Your comment about caches not needing to always be coarse-grained resonates with me. Specifically: "Sometimes caching results of operations ... can offer dramatically superior performance." This is the same as the concept of "Memoizing" - or caching the results of a function call based on recording the parameters passed in to the function, and using a cache to service the same request rather than perform the calculation repeatedly.

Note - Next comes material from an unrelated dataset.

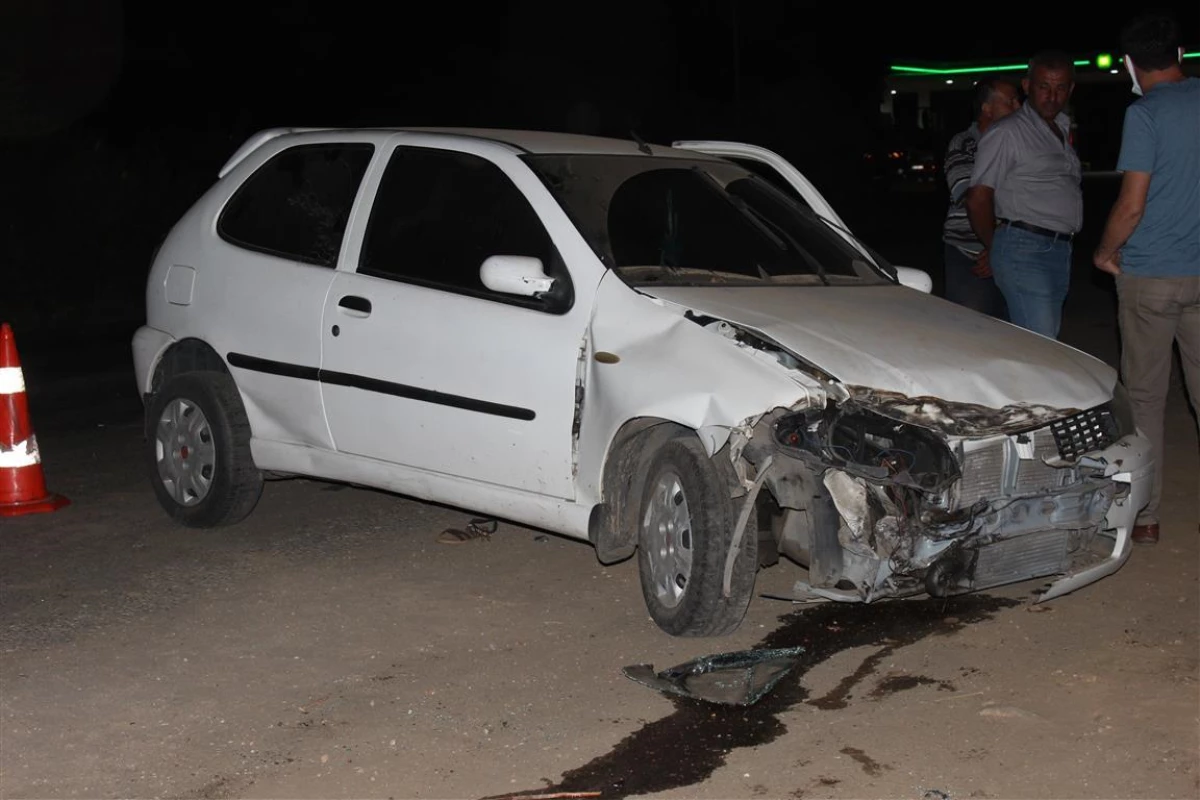 İzmir\'de otomobilin hafriyat kamyonuna çarpması sonucu 3 kişi yaralandı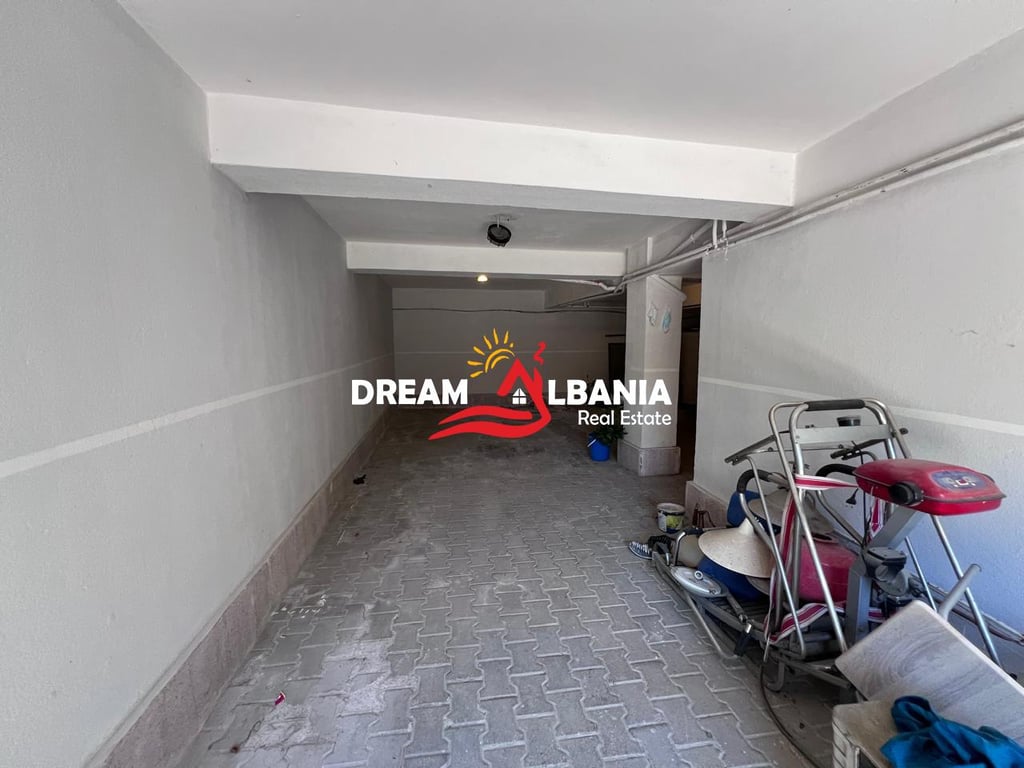 Villa in affitto in Via Elbasanit, vicino alle Ville Tedesche a Tirana (ID 4251357)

Personally, I've found this to be amazingly powerful in the euqally amazingly boring area of time/date conversion functions. In particular, I had to deal with a somewhat unpredictable set of time/date strings, that usually were composed of about 50,000 specific instances, but only 50-200 unique values. I had to convert these strings to unix epochtimes, and noticed that my code was CPU-bound, performing the same dang mktime() conversion to epochtime over and over. By using the Memoize design pattern, and caching the results of a conversion from time/datestring->epochtime(integer), I eliminated 90% of the CPU time for this process, a factor of 10 improvement.

Of course, caching does this, which is why we use it so much. But what isn't really discussed much in the literature is how to apply caching methods and eviction strategies to some of these newer techniques, like Memoized caching (caching operations based on operands)- it's definitely more complex than the hardware CPU caching of instructions and such- applications add another dimension of complexity. In my example, I had to pick a cache eviction strategy that would keep the cache size bounded (to avoid gobbling up too much memory for the cache), but still handle the "width" (cardinality) of the current set of date/times-strings, to avoid cache-thrashing, i.e. having so low a cache-hit-rate that the cache becomes a liability, rather than a gain.

If nothing else, Memoize, or caching function calls based on their parameters (operations based on their operands) deserves much more attention in the software engineering community.

Again, thanks for such a detailed discussion of application level caching, a sorely neglected topic in s/w development, IMHO.